Aaron the kohen gadol had the duty of taking out the garbage, clad in his priestly finery. The Jerusalem Talmud explains,
“This is to teach you that rank does not count in the palace of the king.”
The philosopher-ethicist Bachya ibn Pakuda comments,
“The Creator required him to take out the garbage regularly in order to humble and humanise him and to remove conceit from his heart”.
Aaron was a great man, but if a job needed to be done his rank and position were irrelevant.
A synagogue president once said to me,
“If the shule floors needed sweeping, I’d be the first to volunteer”.
Indeed, doing a menial job like this is good for a leader. It prevents him or her becoming too high and mighty. A leader without people skills is like a general without an army.
If a person is tempted to say,
“I’m too important to be doing little things like this”,
they ought to be looking at the example of Aaron.
The rabbis point out that everyone bows four times during the Amidah – except for the high priest, who bows at the end of every blessing, and the king, who bows at both the beginning and end of every blessing.
“The greater you are, the more you need to humble yourself”.
STANDING AT THE ENTRANCE.
It sounds like a strange command:
“Assemble all the congregation at the entrance of the Tent of Meeting” (Lev. 8:3).
To assemble the congregation, that we can understand. To assemble them at the sanctuary is no problem. But at the entrance? Why not inside?

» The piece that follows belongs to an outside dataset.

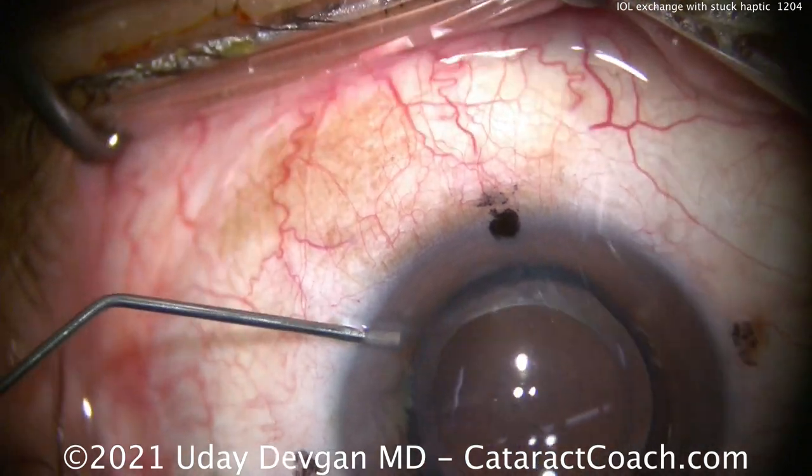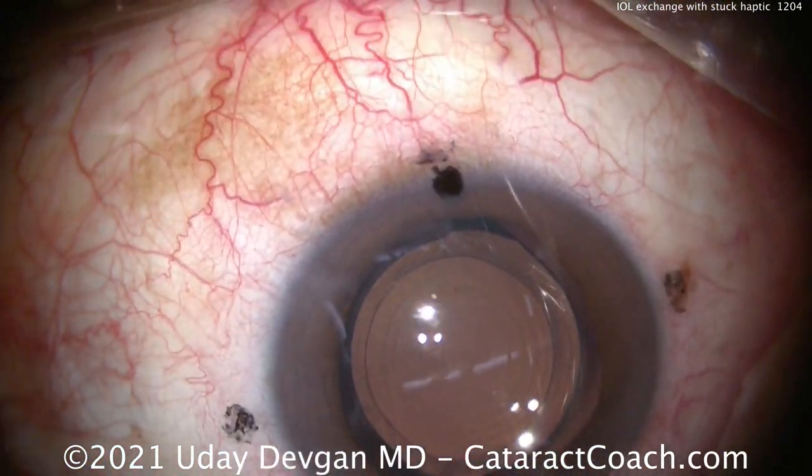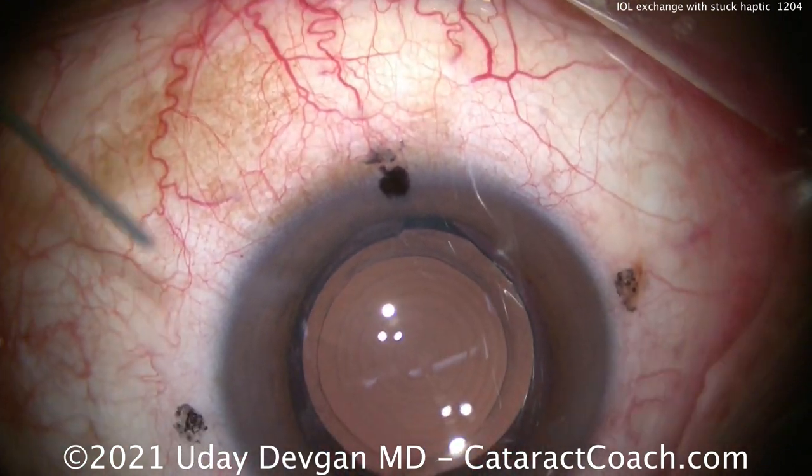He's sitting superiorly because that's his steep axis, and we're going to make a paracidesis opposite. Notice how far away the paracidesis is.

The command recalls a custom in many cities, to say, “Let’s meet outside the train station” – a convenient rendezvous, whether or not one intends to go into the station and catch a train.
But a mere rendezvous doesn’t seem to be what the Torah has in mind.
Another memory: in the last years of the Soviet regime, Jews would gather outside the synagogue in Moscow to sing and dance on Simchat Torah. Why outside the building? One reason is that most people didn’t know what to do inside a place of worship.
How about this as an explanation of the Torah verse, that even being in the vicinity of the sanctuary enriches one’s feelings?
Maybe the situation is this: since Ibn Ezra says it was the kohanim and levi’im who as representatives of the people entered the sanctuary, the rest of the people waited outside to hear the word of God which the leaders brought back.
WHAT DOES A JEW LOOK LIKE?
In my childhood we had a Jewish neighbour who used to watch the people in the street and decide who was Jewish.
I never worked out how he did it. Maybe because he was old he recognised countless people whom he had known all his life.
If this was how he worked, it must have been a blow when new people moved into the district.
I think of this neighbour when we read the Torah portions which devote so much attention to the appearance of the kohanim.
What did they look like? We have such full detail about their costumes and caps that the question is easy to answer.
If we move to more modern times we could ask what rabbis look like. The easy answer is that they have beards, but that doesn’t help at all. There are many bearded people who are not rabbis, and many rabbis who have no beards.
(A former British chief rabbi urged me in my clean-shaven days to acquire “tzurat ha-rav” – “the look of a rabbi” by growing a beard. In the end I did grow a beard, but for quite different reasons.)
Some rabbis wear special rabbinic robes but others don’t, so the question of robes also doesn’t help. It is a rabbi’s qualities and achievements that show him to be rabbinical.
My neighbour was looking however for ordinary Jews (hopefully he did not limit himself to the male population). There are histories of Jewish costume that tell us about Jewish styles of dress and headgear, and histories of Jewish habits that tell us about Jewish modes of gesture and conduct. But none of this evidence tells us who is a Jew.
We recognise a Jew not through their face but their faith – how they bring their Jewishness into every aspect of their lives.